Pubdate: Wed, 12 Apr 2000
Source: Orange County Register (CA)
Copyright: 2000 The Orange County Register
Contact:  P.O. Box 11626, Santa Ana, CA 92711
Fax: (714) 565-3657
Website: http://www.ocregister.com/
Author: Nat Hentoff
Note: Mr. Hentoff is a syndicated columnist an authority on the Bill of Rights

TEACHER UPHOLDS CONSTITUTION

In 40 years of traveling around the country, speaking at high schools and 
middle schools on the Bill of Rights and the rest of the Constitution, I 
have found only a few teachers who can bring the words off the page and 
into the lives of their students.

One of the most passionately knowledgeable of those teachers is Sherry 
Hearn. Voted Teacher of the Year at Windsor Forest High School in Savannah, 
Ga., she has taught social studies and constitutional law there for 27 years.

As at many schools in the nation, Windsor Forest students are occasionally 
subject without warning to dragnet raids by the police, who herd the 
students into the hallways and use dogs to sniff the students, their purses 
and their book bags. Metal detectors are used to scan students' bodies. The 
students are locked into the building for two to three hours while the 
police perform the search. Contrary to the specific words of the Fourth 
Amendment to the Bill of Rights, the searches are conducted without any 
particular information that any student has used or is using drugs. All of 
them are presumed guilty of possessing drugs or weapons unless a police dog 
or metal detector exonerates them.

Sherry Hearn taught her students for years about how the Fourth Amendment 
came into being because of the privacy abuses suffered by American 
colonists due to the sweeping searches and seizures performed by British 
troops. During one of these police sweeps on her school, a student asked 
her why she was so angry at the raid.

"Because I believe in the Constitution," she said.

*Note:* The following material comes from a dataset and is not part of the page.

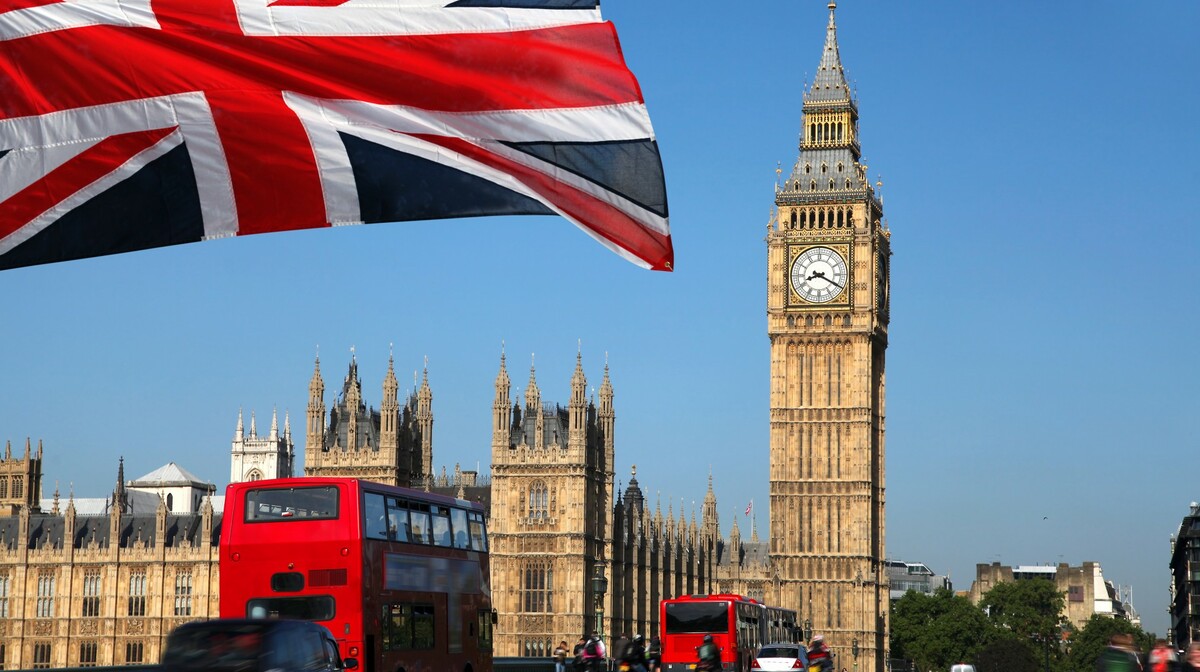 Parlament i Big Ben, London avionom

A policeman overheard her, reported her to the principal and said she 
should be watched during the next lockdown. At the next dragnet search, the 
police also searched the teachers' cars in the parking lot in violation of 
a school policy that teachers' cars could not be searched without the 
consent of their owners. Hearn was not asked for her consent.

A police dog found that morning half of a hand-rolled marijuana cigarette 
in an ashtray in her car. It was still warm. Sherry Hearn had been in the 
school the entire morning.

That night, a caller on the country's Silent Witness line said that the 
cigarette had been planted in the car. He did not give his identity. The 
cigarette was never produced as evidence.

According to school policy, Hearn was told she had to take a drug test 
within two hours of being informed that an illegal substance had been found 
in her car. She had no record at all of previous drug use, and the 
principal, Linda Herman, later testified that the teacher had not exhibited 
on the day of the search, or on any other day, the characteristic behavior 
that would have given rise to a "reasonable suspicion" that the marijuana 
cigarette was hers.

On that day, however, Hearn was given her Miranda warnings and was ordered 
to take a urine test in two hours. She wanted to contact her lawyer before 
taking the test, but he was unavailable that day. Not having legal advice, 
she refused. She also said, "How can I face my students after I've 
consistently told them that these mass drug searches violate their 
constitutional rights?" The next day, having spoken to her attorney, she 
underwent a urinalysis, and it proved negative for marijuana or any other 
controlled substance.

No criminal charges were ever filed against Sherry Hearn, but she was fired 
in the spring of 1996 for not having taken the urine test within the two 
hours set forth in the school's policy.

She has had great difficulty getting a teaching job since losing her job, 
and has lost her appeals to the Georgia State Board of Education and in the 
lower federal courts.

Sherry Hearn's last chance to get back to teaching constitutional law to 
students rest with the United States Supreme Court.

Her attorneys, including a lawyer for the Rutherford Institute, are asking 
the Supreme Court to decide whether "public school students and teachers 
have the right to be free from suspicionless mass drug searches on campus" 
and whether "Hearn should have been ordered to take a drug test based on 
alleged contraband that was illegally seized."

It's up to the Supreme Court to tell Sherry Hearn's students - and other 
young Americans throughout the land - whether she was right in advising 
students "Never, ever give up your rights that people have paid for in 
blood just because it's the easy thing to do."